Tuesday, June 26, 2012

Reflecting on Awards




Coaster Reflections is now at the Butler Institute of American Art's Midyear National Exhibition in Youngstown.  I still find it hard to believe it got into the show.  Receiving awards and being juried into shows is certainly validating, and also a lot of fun!  But the question is, why?  Why does one photograph get accolades while another, that seems to have similar qualities to me, is ignored?  

I think part of the answer lies in what the viewer, in this case a judge, brings to the table.  My first award was for a small print of an historic house.  Later, someone who knew the judge told me that his "thing" was lighting and that he had loved the way the image was back-lighted.  My award had nothing to do with the subject, just how it was lighted!  More recently, Reflecting (a study of masks) won an award from a judge who loves masks.  I understand these works have quality, but so do the other works submitted or entered into shows.  Something about an image reaches out and grabs the judge, and the artist has no way of knowing in advance what that will be.
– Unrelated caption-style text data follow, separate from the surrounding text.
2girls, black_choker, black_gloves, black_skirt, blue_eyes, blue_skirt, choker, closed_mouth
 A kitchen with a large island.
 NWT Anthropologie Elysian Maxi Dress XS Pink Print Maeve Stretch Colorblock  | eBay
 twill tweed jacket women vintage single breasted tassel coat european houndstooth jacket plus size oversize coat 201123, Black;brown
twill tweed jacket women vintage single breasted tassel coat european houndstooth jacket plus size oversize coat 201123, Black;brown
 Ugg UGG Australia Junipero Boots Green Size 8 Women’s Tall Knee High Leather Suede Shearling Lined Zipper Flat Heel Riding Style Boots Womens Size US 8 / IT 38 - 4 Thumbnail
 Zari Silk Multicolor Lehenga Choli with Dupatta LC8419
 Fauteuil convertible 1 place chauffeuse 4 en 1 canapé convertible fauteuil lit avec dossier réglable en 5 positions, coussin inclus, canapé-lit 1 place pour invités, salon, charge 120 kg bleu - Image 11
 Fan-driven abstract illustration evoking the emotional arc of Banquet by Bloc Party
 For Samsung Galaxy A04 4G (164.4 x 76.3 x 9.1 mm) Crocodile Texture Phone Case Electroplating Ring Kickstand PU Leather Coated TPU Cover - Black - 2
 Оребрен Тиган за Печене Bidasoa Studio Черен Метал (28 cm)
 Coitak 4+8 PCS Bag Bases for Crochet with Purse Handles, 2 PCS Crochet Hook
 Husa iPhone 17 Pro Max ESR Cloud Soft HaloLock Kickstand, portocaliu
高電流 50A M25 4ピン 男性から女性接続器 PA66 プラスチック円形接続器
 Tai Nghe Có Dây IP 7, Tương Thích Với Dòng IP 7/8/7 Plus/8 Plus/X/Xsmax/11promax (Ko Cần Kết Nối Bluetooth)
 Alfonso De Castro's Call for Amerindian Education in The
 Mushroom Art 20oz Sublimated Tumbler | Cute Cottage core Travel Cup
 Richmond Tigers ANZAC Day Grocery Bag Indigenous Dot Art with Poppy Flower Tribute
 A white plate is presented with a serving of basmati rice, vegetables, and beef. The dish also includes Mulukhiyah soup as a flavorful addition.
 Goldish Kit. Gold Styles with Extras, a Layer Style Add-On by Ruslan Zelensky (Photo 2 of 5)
The point of my ramblings is this.  I have been tempted to focus on trying to get into juried shows and win awards when I create images rather than creating them for myself.  I realize this is a false path.  My goal needs to continue to be to create images that move me.  If they move someone else, fine.  If not, fine.  I need to be true to myself and grow as an artist.  Okay, enough said.  I promise not to pontificate in my next post.



Thursday, June 14, 2012

Creating Alternate Realities



As a photographer, I'm used to capturing reality by photographing what is.  I may present it from a different perspective through my choices of composition, exposure, lens, etc., but I'm still basically portraying what is. 

I also want to create new realities by modifying what is.  I prefer to do this "in camera" rather than using Photoshop so I recently tried a technique I had known about but never used; taking multiple exposures on the same image.  The idea is to slightly move the camera between exposures to make the subject less defined, thus creating an image that is more impressionistic or abstract.  The number of exposures, up to 10 on my camera, and the direction and degree of movement determine the results.

To be honest, I saw the technique in Tony  Sweet's Fine Art Nature Photography: Advanced Techniques and the Creative Process, a book that Lee had bought me some time ago when I guess I wasn't quite ready for it.  But when I looked at it again recently, I knew it was something I had to try.

The first photo is day lilies in my front yard.  The second is my next door neighbor's back yard.  Both have five exposures on the same image.  Lightroom was used to crop and modify color balance, which I did to focus the viewer's attention on the shapes and colors by making the subject less obvious.  I'm going to have to do more of this!

Thursday, June 7, 2012

Hello!


Hi, welcome to my new blog.  After being gently nudged for some time by my wife (with a cattle prod), I finally decided to take the plunge and start a blog.  I guess Lee got tired of my constant blathering about photography and figured this would redirect me to the web, where I could ramble on and nobody would have to pay attention.  So here I am!

The photograph at the top of the page is our dog, Winston, with a new friend.  Winston is an old guy of 16 who still has a zest for life.  He was in our back yard the other day when I noticed him looking at something very intently and wagging his tail.  It was this baby robin.  Putting Winston back in the house, I ran upstairs and grabbed my camera.  After taking a few shots of the robin alone, I let the dog back outside and took this picture.  Immediately afterward, the mother robin squawked and the baby flew away.  Winston is the gentlest dog I have ever known.  Until she died last year, his best friend was a cat named Sabina.

Last Friday, I met my friend Dick downtown for lunch.  Leaving early, I stopped by Cleveland's industrial area, the Flats, to take pictures.  My favorite is Escher's Stairway, taken with my Nikon D200 modified to capture infrared light.  I decided not to convert it to black & white as I thought the red color was kind of cool.  It's a closeup of a curved stairway going up a large storage tank.  Taken in bright morning sunlight, I found the shadows very interesting.  Even though I know what it is, I find it difficult to see it that way.  The shadows often become stairs to me, or I can see some of them as shadows and others as stairs at the same time in different parts of the image.  Very confusing.  I have always enjoyed Escher's work so I named it after him as the photograph could not be the way I often see it.

Well, this ends my first post.  The good news is that I finally have a blog.  The bad news (for Lee) is that I'm still going to blather endlessly about photography.  Hope any of you who stumbled onto this site enjoyed it.